SOURCE MATERIAL:
==============================

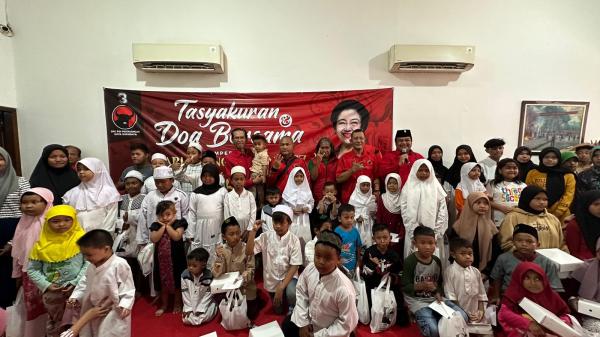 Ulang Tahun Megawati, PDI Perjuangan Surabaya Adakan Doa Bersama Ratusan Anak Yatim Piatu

==============================

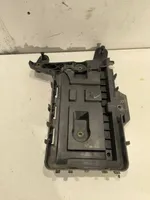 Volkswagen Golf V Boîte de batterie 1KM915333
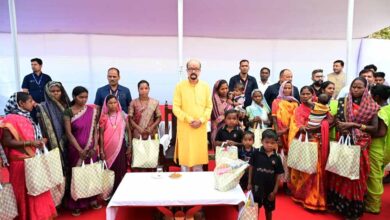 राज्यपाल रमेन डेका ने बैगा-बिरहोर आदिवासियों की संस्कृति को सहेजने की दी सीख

==============================

REQUIRED ACTION: Starting with the line above that holds "Volkswagen Golf V", restate each line word for word up to and including the line that holds "राज्यपाल रमेन डेका". Drop the pictures.

RESPONSE TO THE EXERCISE:
 Volkswagen Golf V Boîte de batterie 1KM915333
 राज्यपाल रमेन डेका ने बैगा-बिरहोर आदिवासियों की संस्कृति को सहेजने की दी सीख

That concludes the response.